Critical Week: A secret friendship

This week, London-based critics finally got to see the latest Studio Gibli film When Marnie Was There, which is getting a very late release in the UK (it came out in 2014 in Japan). It's another complex animated film that refuses to talk down to children - deep, intriguing, no easy answers, gorgeously visualised without any gimmicks.

Obviously, the biggest film of the week was Batman v Superman: Dawn of Justice, screened to critics just a day before it opened for obvious reasons (this film doesn't need reviews, it's about fans buying lots of tickets). It's big, loud, simplistic, annoying and worth the price of the ticket. The other big movie for us was The Huntsman: Winter's War, a prequel/sequel to 2012's Snow White and the Huntsman that basically gives fans what they expect, plus two more divas (Emily Blunt and Jessica Chastain, joining Charlize Theron).

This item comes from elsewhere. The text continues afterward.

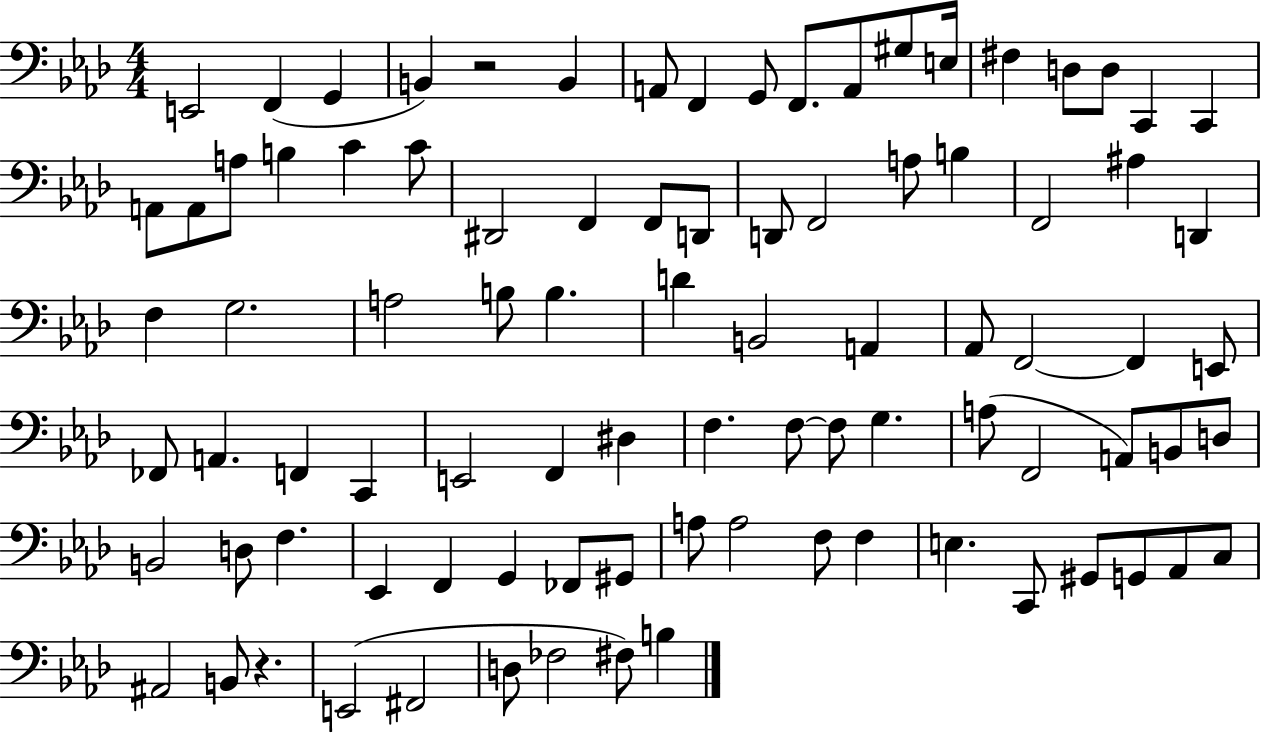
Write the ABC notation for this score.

Much more fun was Whit Stillman's Love & Friendship, a faithful adaptation of the surprisingly sharp-tongued Jane Austen novel Lady Susan, packed with terrific characters, hilarious dialog and delicious performances from Kate Beckinsale, Chloe Sevigny and Xavier Samuel. And we also caught the improv British comedy Black Mountain Poets, a rather meandering, pointless bit of fluff starring the wonderful Alice Lowe, Dolly Wells and Tom Cullen.

Coming up this week: Don Cheadle's Miles Davis biopic Miles Ahead, Helen Mirren in the drone thriller Eye in the Sky, Rebecca Ferguson in the Cold War thriller Despite the Falling Snow, Kevin Costner and Gary Oldman in the thriller Criminal, and more.